Въ моментъ, когда открывается дѣйствіе нашихъ драмъ, до этого еще очень далеко. Борьба лишь началась, и Генриху IV пришлось вынести на своихъ плечахъ первые удары ея.

Передъ нами въ его лицѣ въ высшей степени сложный и интересный типъ. Сынъ Іоанна Ганта, герцога Ланкастерскаго, родной внукъ короля Эдуарда III и, стало быть, двоюродный братъ короля Ричарда II, съ которымъ онъ былъ однихъ лѣтъ (оба родились въ 1367 г.), онъ рано пострадалъ отъ смутъ, возникшихъ въ царствованіе этого слабаго короля. Послѣдній, боясь своего умнаго и энергичнаго родственника, успѣвшаго, несмотря на свою молодость, пріобрѣсти громкую военную славу, и предчувствуя въ немъ соперника, изгналъ его изъ Англіи въ 1398 г., а когда отецъ Генриха, герцогъ Ланкастерскій, въ 1399 г. умеръ, то король объявилъ его сына лишеннымъ наслѣдства. Это послужило поводомъ къ открытому возстанію. Генрихъ Болингброкъ (такъ онъ былъ названъ по мѣсту своего рожденія; оффиціально онъ носилъ титулъ герцога Герфордскаго) высадился въ Англіи съ небольшимъ отрядомъ, быстро разросшимся, такъ какъ со всѣхъ сторонъ къ нему стекался народъ, недовольный правленіемъ Ричарда. Высланное противъ него войско было разбито и, благодаря измѣнѣ со стороны графа Нортомберлэндскаго, играющаго видную роль и въ нашей драмѣ, самъ король вѣроломно былъ схваченъ.
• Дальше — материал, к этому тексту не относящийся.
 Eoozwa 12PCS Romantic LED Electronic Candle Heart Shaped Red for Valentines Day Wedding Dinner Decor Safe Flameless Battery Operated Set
Дальнѣйшія событія быстро слѣдуютъ одно за другимъ: 29-го сентября того же 1399 г. несчастнаго Ричарда заставляютъ отречься отъ престола, 30-го сентября королемъ провозглашается Генрихъ IV, Ричардъ же отводится въ замокъ Помфретъ, гдѣ уже черезъ нѣсколько недѣль онъ умираетъ, вѣроятно насильственною смертью, причемъ народная молва указывала, конечно, на Генриха, какъ на виновника ея. Такъ оно, вѣроятно, и было; во всякомъ случаѣ, Шекспиръ становится именно на эту точку зрѣнія: ему нуженъ былъ данный мотивъ столько же для окончанія драмы «Ричардъ II», сколько для обрисовки объясненія и дальнѣйшаго развитія типа Генриха IV.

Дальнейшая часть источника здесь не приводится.